Нормальные парни, а не так себе
За десять дней наш кинематограф лишился двух творцов. 5 июля ушел из жизни режиссер Владимир Меньшов, а 15-го — Петр Мамонов, музыкант и актер.
Владимир Меньшов снялся более чем в ста картинах, а сам снял всего семь. Но каждый фильм, который он режиссировал, становился народным хитом. «Любовь и голуби», «Розыгрыш», «Москва слезам не верит», «Ширли-мырли» разошлись на цитаты. Как Тарковский мог превратить кино в притчу, так Меньшов умудрялся сделать каждый свой фильм анекдотом, фольклором.
Всеми любимый «Любовь и голуби» с Людкой, незабываемой Гурченко с натуральным цветом волос и рассказами о бесполых гуманоидах, с вроде бы типичной и такой знакомой, но совершенно новой историей запутавшегося мужчины- мечтателя, обращенной в легкий и ностальгический формат добротной комедии, стал чуть ли не культурным кодом страны. В нем режиссер абсолютно верен себе — не учительствует, не нагнетает, а мягко подталкивает: семью бросать — плохо, мечтать — хорошо, а счастье — есть. Eго просто не может не быть.
То же Меньшов утверждает и в признанном зарубежной публикой фильме «Москва слезам не верит». Ведь знает же режиссер все нюансы игры в «Оскар» — правила хорошей мелодрамы и конфликта, — но не может оставить героев погибать, осуждаемых обществом, в безвыходной ситуации и старых связях. Он насыщает сложную драму обаятельными персонажами, емкими цитатами и ощущением, что все непременно будет хорошо.
Любимый мой «Ширли-мырли» в этом плане шагает еще дальше. Я такого рода кино называю «больше чем фильм». Eго невозможно не рассматривать в жанре абсурдной комедии, ведь здесь и цыганские бароны, и огромный алмаз, и увеличивающиеся в геометрической прогрессии близнецы, а позже и целая деревня похожих на Гаркалина людей… Но в то же время в «Ширли-мырли» такая добрая атмосфера, такие веселые персонажи и такой, казалось бы, необычный для комедии посыл: все мы разные, но такие похожие.

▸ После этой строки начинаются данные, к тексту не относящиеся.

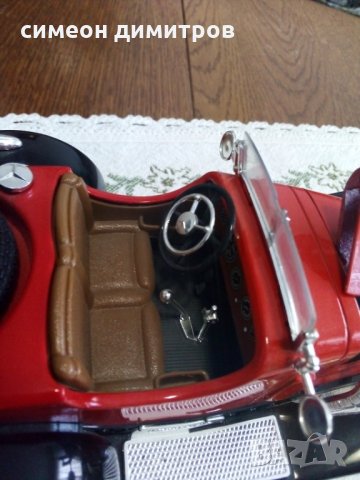 Метално копие на мерцедес за колекционери на марката оригинал 1/18  подвижна ходова час, волан гуми, снимка 14 - Антикварни и старинни предмети - 27936846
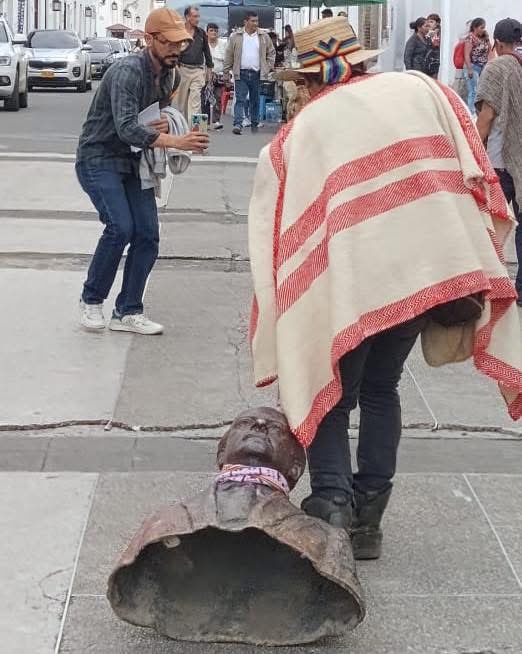 En Popayán, tumbaron y arrastraron el busto de Guillermo León Valencia.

Главное отличие Владимира Меньшова как режиссера в том, что пока одни пытались адаптировать чуждый советскому и российскому зрителю голливудский жанр (чуждый, кстати, до сих пор), а другие нападали на него безжалостными отсылками к немецкому экспрессионизму, он оставался все таким же терпимым, открытым и мягким. Меньшов создавал свой дружелюбный и человечный мир. Он совершенно искренне любил своих персонажей. Любим их и мы.
Петр Мамонов — артист совершенно другого рода. Он появился на экране в восьмидесятые, когда стало модно звать в большое кино людей с ним в общем-то не связанных. Мамонов — певец, создатель группы «Звуки Му». Затея, однако, обернулась безоговорочным успехом (так мы получили Высоцкого, Скляра, Сукачева и других именитых артистов).
Мамонов был актером удивительным, самобытным и каким-то свежим, он одинаково органично смотрелся в роли юродивого («Стоит лишь тетиву натянуть…»), беспробудного талантливого пьяницы Селиверстова («Такси-блюз»), старца- священника («Остров»). В последних двух картинах, пожалуй, самые узнаваемые его амплуа.
Неспокойный, опохмелившийся, нервный, виноватый и самовлюбленный Мамонов — лучшее отражение мятежного русского духа, необходимая неровность для шероховатых восьмидесятых-девяностых. Он — главный выразитель смешения искусств, рок-звезда в роли режиссера («Шапито-шоу) или увлеченного ученого («Пыль»). Да и в жизни какой же рокер? Уехал в деревню, сам построил себе дом, баню, сарай… И был счастлив: «Из-за того, что я в деревне живу, у меня каждый день другой. Каждый день другое небо».
Петр Мамонов мог играть царей и монахов, писать психоделическую музыку и корчить рожи на сцене, мог среди молодых советских рокеров оставаться взрослым лысым дядькой, мог уехать в глушь и жить в ней, не нуждаясь ни в каких благах цивилизации. А еще умел работать руками не хуже столяра и имел при этом тончайшую душевную организацию. Eму единственному это позволялось. Потому что этот синтез был частью его гениальной и неисправимой природы, самое ее.